When the ** axis** parameter is specified as

**, then the mean is computed along both the column and row axis as shown in the example.**

`axis=(0,1)`

```
import numpy as np
array_in = [[15, 25, 30], [35, 55, 70]]
print("The input numpy array is:\n", array_in)
# the mean of the array both row-major and column-major
array_out = np.mean(array_in, axis=(0, 1))
print(
"The mean of the array in both row-major and column-major and type of the output respectively are:\n",
array_out,
)
print(type(array_out))
```

**Output**

```
The input numpy array is:
[[15, 25, 30], [35, 55, 70]]
The mean of the array in both row-major and column-major and type of the output respectively are:
38.333333333333336
<class 'numpy.float64'>
```

## Example 6: Computing the mean of the array with where() parameter

If we provide the parameter **where = [[True],[False],[False]]** then the `numpy.mean()`

function will check the boolean array **[[True],[False],[False]]**, if the value of the element in the boolean array is **True,** then that row is selected.

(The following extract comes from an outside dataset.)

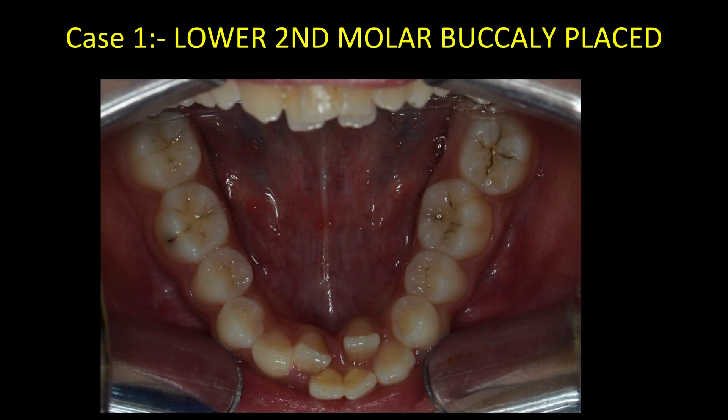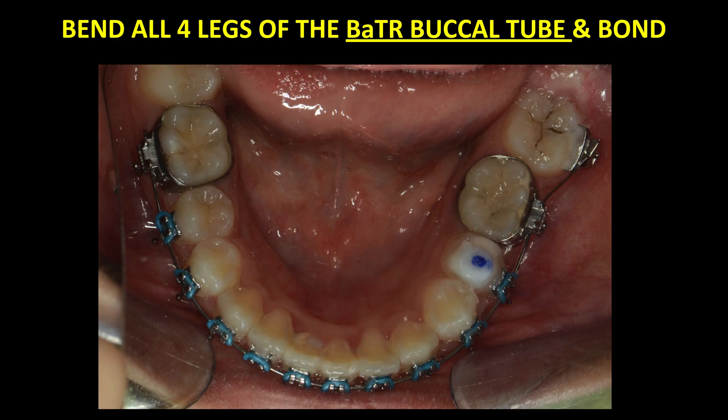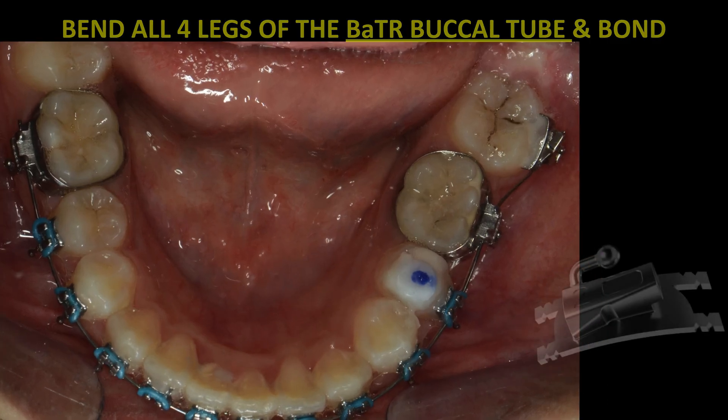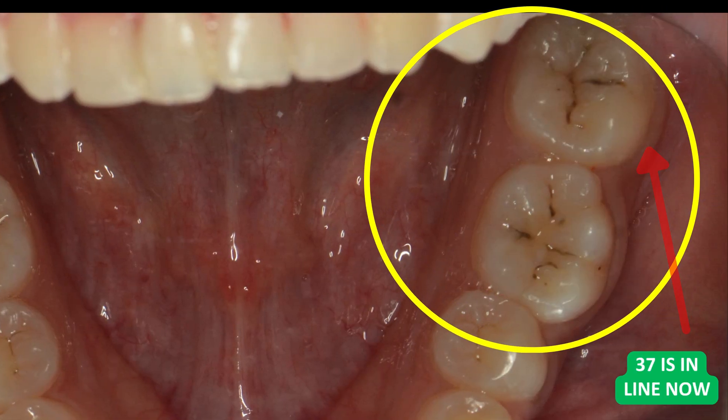Case 1: a lower second molar placed buccally. By bending all four legs of the BATR buccal tube and bonding, tooth 37 came perfectly into line.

That is only the first row will get selected for the **mean**.

```
import numpy as np
# initialize the input array
array_in = np.array([[5, 9, 13], [14, 10, 12], [11, 15, 19]])
print("The input nd_array is:\n\n", array_in)
# flattened average of the input array
print("\nmean with every row is selected :\n\n", np.mean(array_in, axis=None))
# every dimension is selected
print(
"\nmean with every row is selected :\n\n",
np.mean(array_in, axis=None, where=[[True], [True], [True]]),
)
# only the first row is selected for average
print(
"\nmean with only the first row is selected :\n\n",
np.mean(array_in, axis=None, where=[[True], [False], [False]]),
)
# only the last row is selected for average
print(
"\nmean with only the last row is selected :\n\n",
np.mean(array_in, axis=None, where=[[False], [False], [True]]),
)
# only the first and second row is selected for average
print(
"\naverage with only the first and second row is selected :\n\n",
np.mean(array_in, axis=None, where=[[True], [True], [False]]),
)
```

**Output**

```
The input nd_array is:
[[ 5 9 13]
[14 10 12]
[11 15 19]]
mean with every row is selected :
12.0
mean with every row is selected :
12.0
mean with only the first row is selected :
9.0
mean with only the last row is selected :
15.0
average with only the first and second row is selected :
10.5
```

## Conclusion

The `numpy.mean()`

method is used to compute the arithmetic mean along the specified axis. The `mean()`

method returns the new array with mean values as the elements if `out = None`

, else a reference to the output NumPy array is returned.